▸ **EXERCISE OBJECTIVE**:
Under this line are the records; repeat exactly the lines starting at the one containing "430 Claircrest Dr — Photo 16" and ending at the one containing "Photo 2 of Single", omitting pictures.

▸ **DATA PROVIDED**:
┌──

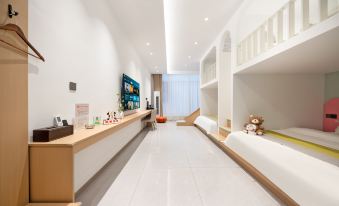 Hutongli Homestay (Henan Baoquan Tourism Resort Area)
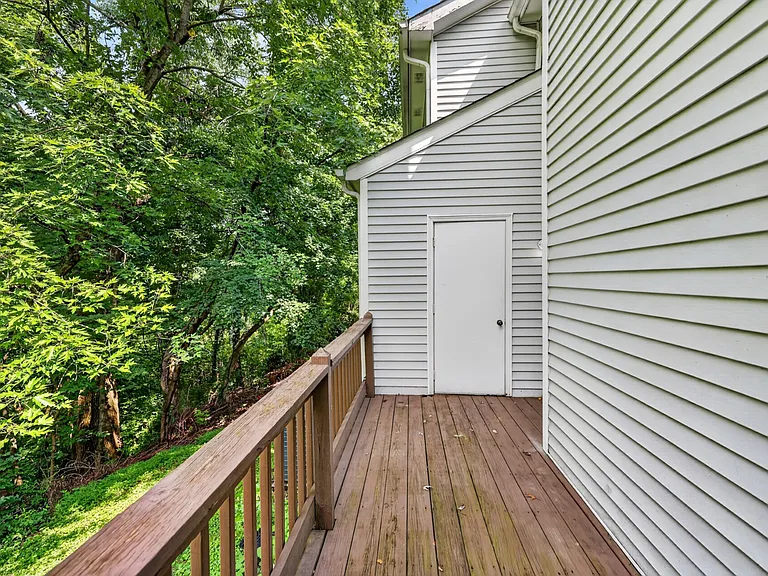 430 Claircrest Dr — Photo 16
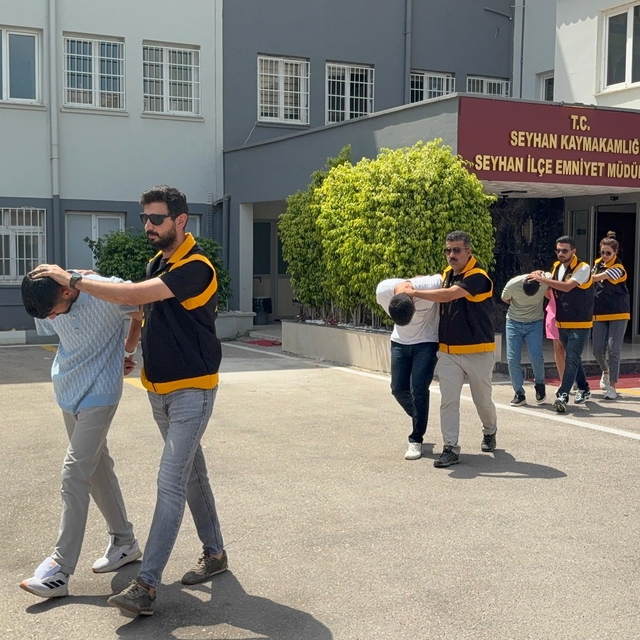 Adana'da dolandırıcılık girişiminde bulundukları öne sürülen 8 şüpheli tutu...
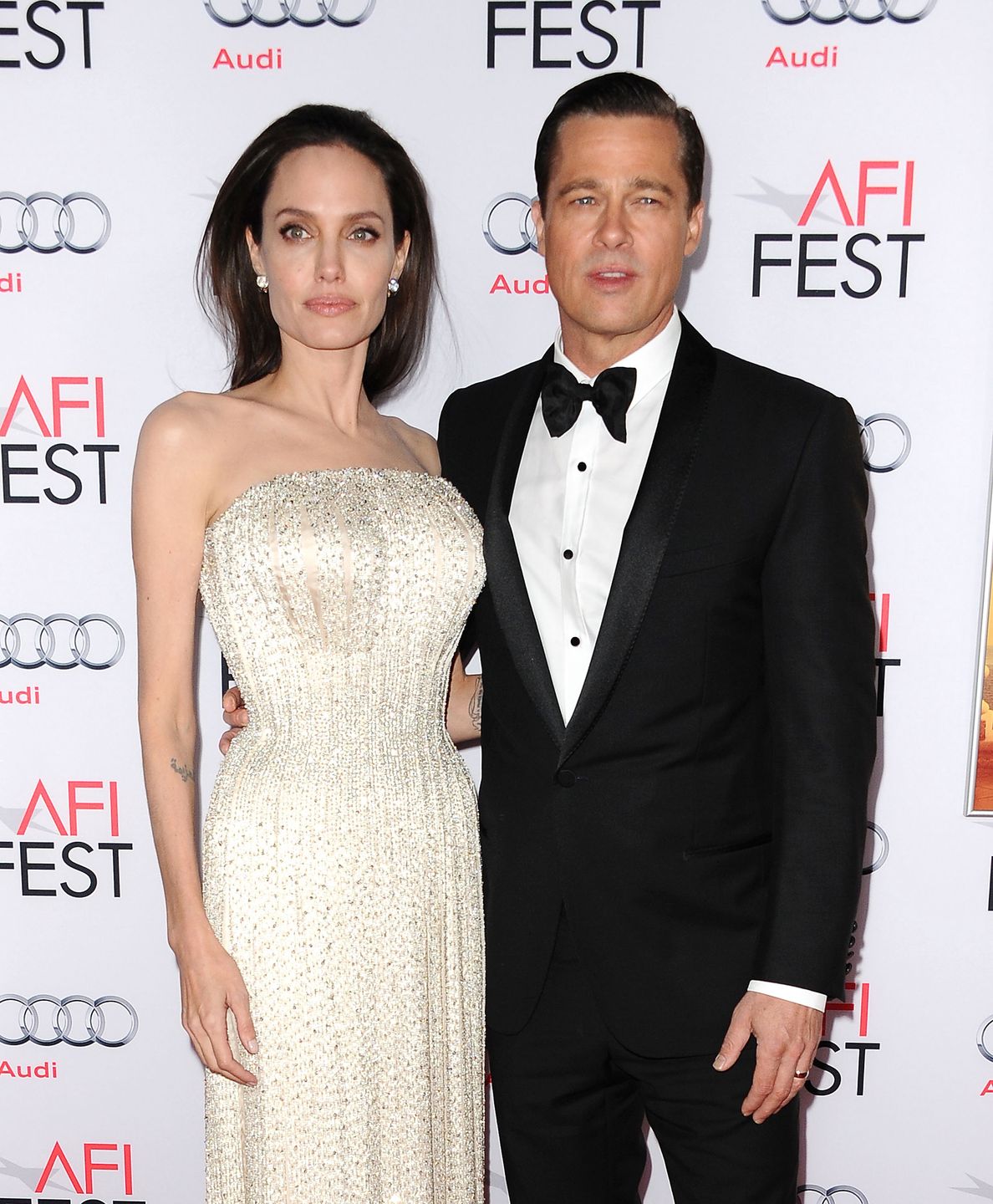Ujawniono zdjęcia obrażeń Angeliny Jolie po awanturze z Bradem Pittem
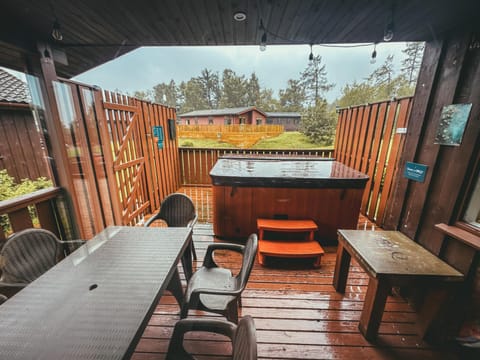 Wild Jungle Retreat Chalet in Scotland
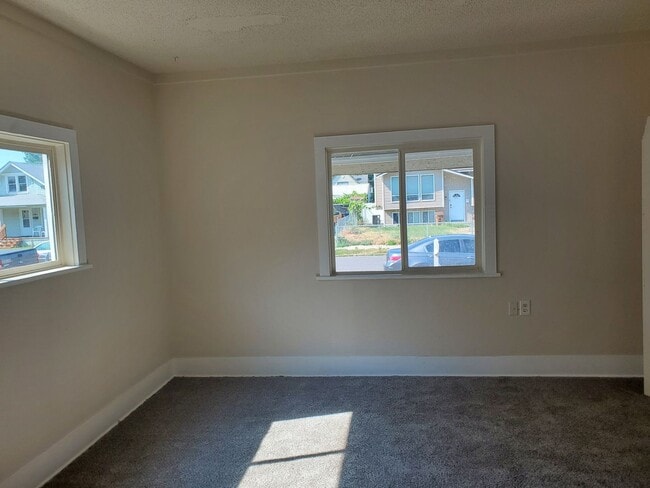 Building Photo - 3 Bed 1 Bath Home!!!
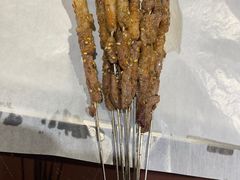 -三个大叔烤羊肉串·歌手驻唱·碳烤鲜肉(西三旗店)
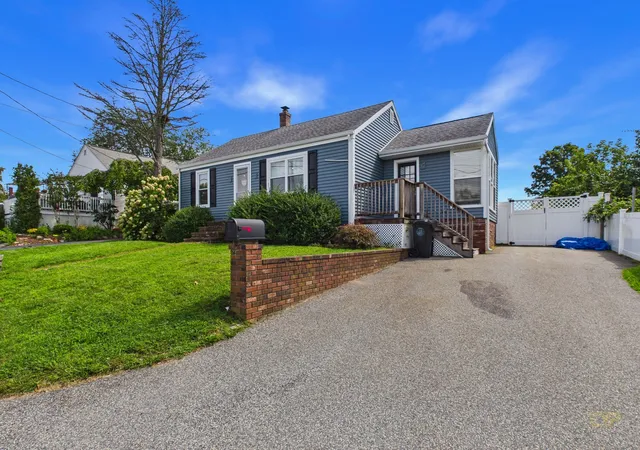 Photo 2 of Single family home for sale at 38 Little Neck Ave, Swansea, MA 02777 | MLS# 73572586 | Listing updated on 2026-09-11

└──
┌──

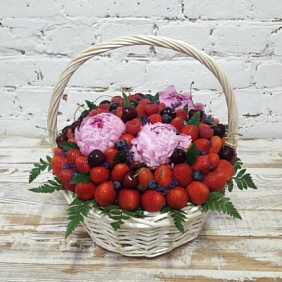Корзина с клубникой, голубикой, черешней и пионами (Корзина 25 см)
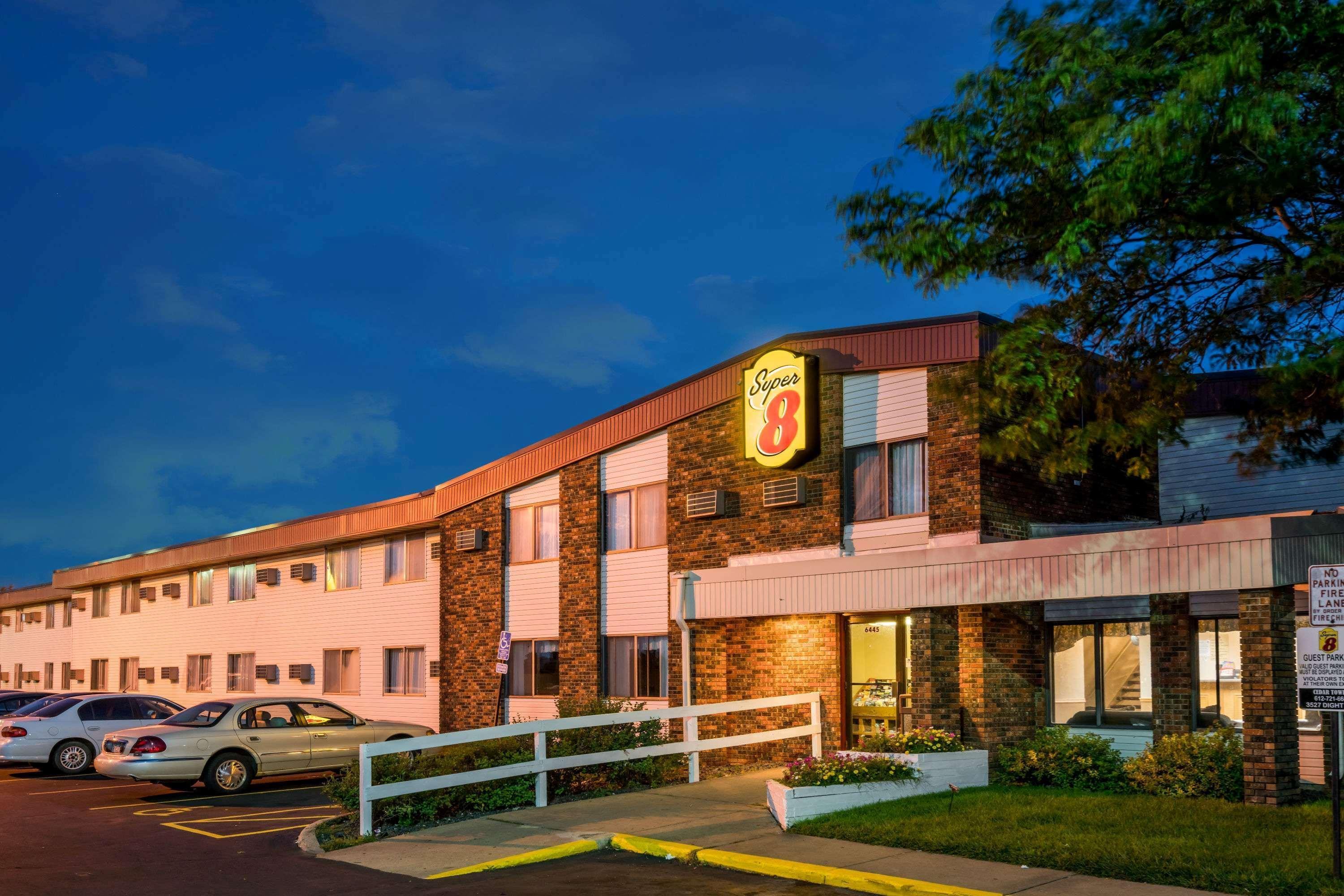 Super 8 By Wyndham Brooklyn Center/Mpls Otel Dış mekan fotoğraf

└──

▸ **ANSWER BOX**:
 430 Claircrest Dr — Photo 16
 Adana'da dolandırıcılık girişiminde bulundukları öne sürülen 8 şüpheli tutu...
Ujawniono zdjęcia obrażeń Angeliny Jolie po awanturze z Bradem Pittem
 Wild Jungle Retreat Chalet in Scotland
 Building Photo - 3 Bed 1 Bath Home!!!
 -三个大叔烤羊肉串·歌手驻唱·碳烤鲜肉(西三旗店)
 Photo 2 of Single family home for sale at 38 Little Neck Ave, Swansea, MA 02777 | MLS# 73572586 | Listing updated on 2026-09-11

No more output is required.